All these women’s stories are so powerful, so personal. I breathe them in and see my future in their past.
There is also Rebecca Spicuglia and her wonderful website NonCustodial Parent Community which supports and provides awareness about mothers and fathers who don’t live with their children. Rebekah led me to Maria Housden, who wrote the revealing book Unraveled: One Woman’s Story of Moving Out, Moving On, and Becoming a Better Mother. I read Maria’s story eagerly, hoping to find my own story echoed in its pages. Instead I found the one I wanted to live all along, the one that comes from joy.

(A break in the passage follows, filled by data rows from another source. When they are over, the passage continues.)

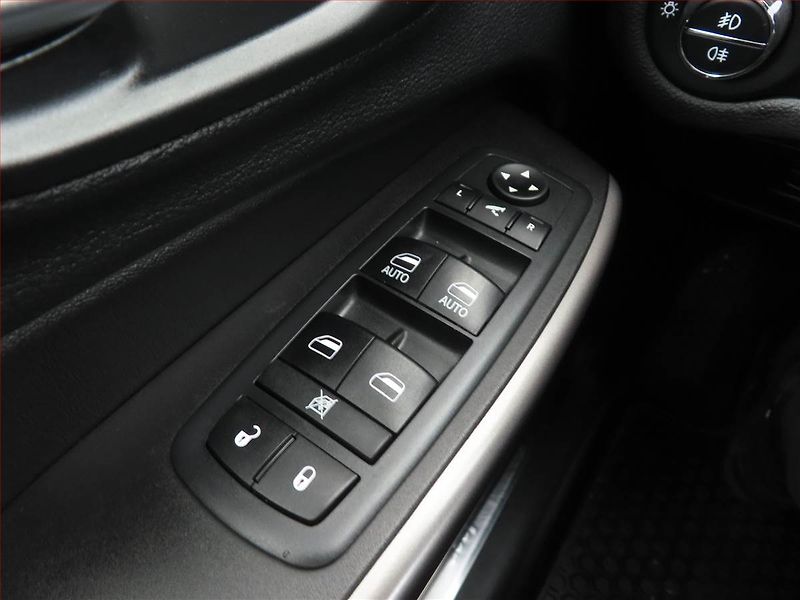 Jeep Cherokee (2019) 2.2 MultiJet, Overland - fotka 16 z 22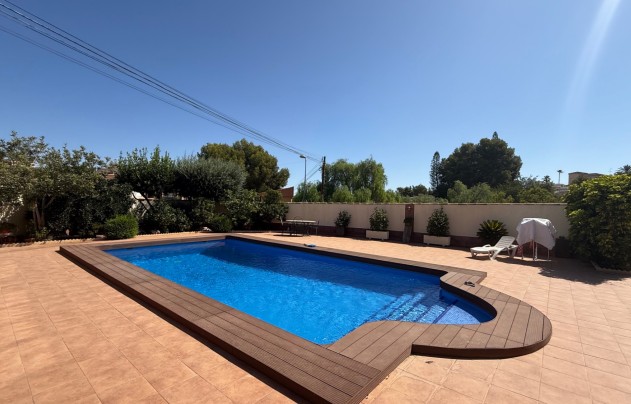 Resale - Villa - Torrevieja - Costa Blanca Sur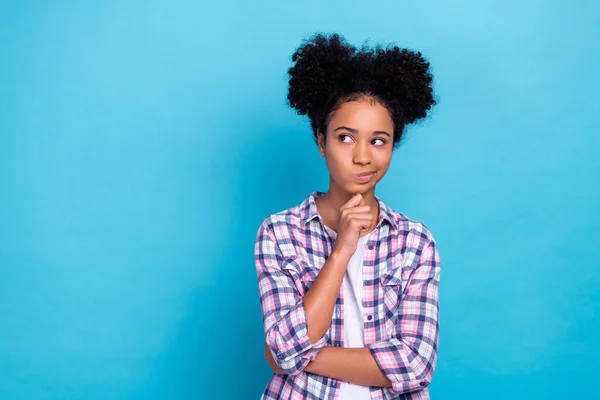 Porträt Eines Gleichgesinnten Teenagers Mit Afro Frisur Tragen Kariertes Hemd — Stockfoto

I’ve been writing my story as I’ve been living it: through a magnification of the pain and judgment I feel in thinking that I failed to measure up as a mother, not in society’s eyes but in my own. Maria’s story helped connect me to my own motives, my own real story. It’s the story I haven’t been telling, not even to myself, that there is perfection in stepping back, in allowing my children to grow into the adults they are becoming.
There is such a thing as being too close to one’s children. I was a great nurturer but the nurturing grew out of my own fears: holding them close, holding them back, keeping them safe. Now they have a parent — a full time parent — who has no such fears. Despite what other shortcomings he has and the conflicts I feel personally with him, my children’s father encourages them to try new things and to grow.
Even though my children don’t have me close by they have something else, something they wouldn’t have if I was there: space to become who they are. Serena competes this weekend in the local “Idol” competition, singing a Kelly Clarkson song. This would never have happened with me; my own protectiveness against the hurt she might feel from failure would have stood in the way. It’s much the same with Nathaniel, who joined the 7th grade track team this year. I can picture him now, loping happily around the track, leaping over hurdles, but had I been there I might have pushed for the Chess Club instead: there are fewer social risks there.
I made this decision with the deep sense that it was the right thing for all of us. My ex husband is now the kind of parent he wanted to be, thinking of himself as the indulgent father and viewing his children from a laissez-faire distance. This distance was at odds with my more intimate style — I wanted to crawl inside the hearts of each of my children and hand them my own heart in return. My children can now see me from a distance that gives them more clarity. Away from them, I am in some ways more real than I was up close.
Now I have the understanding that in stepping away from something we can give it the most love. I hold within me an image of each of the amazing woman I have met, trusting again that the future I am writing, that we all are living, is the one closest to joy.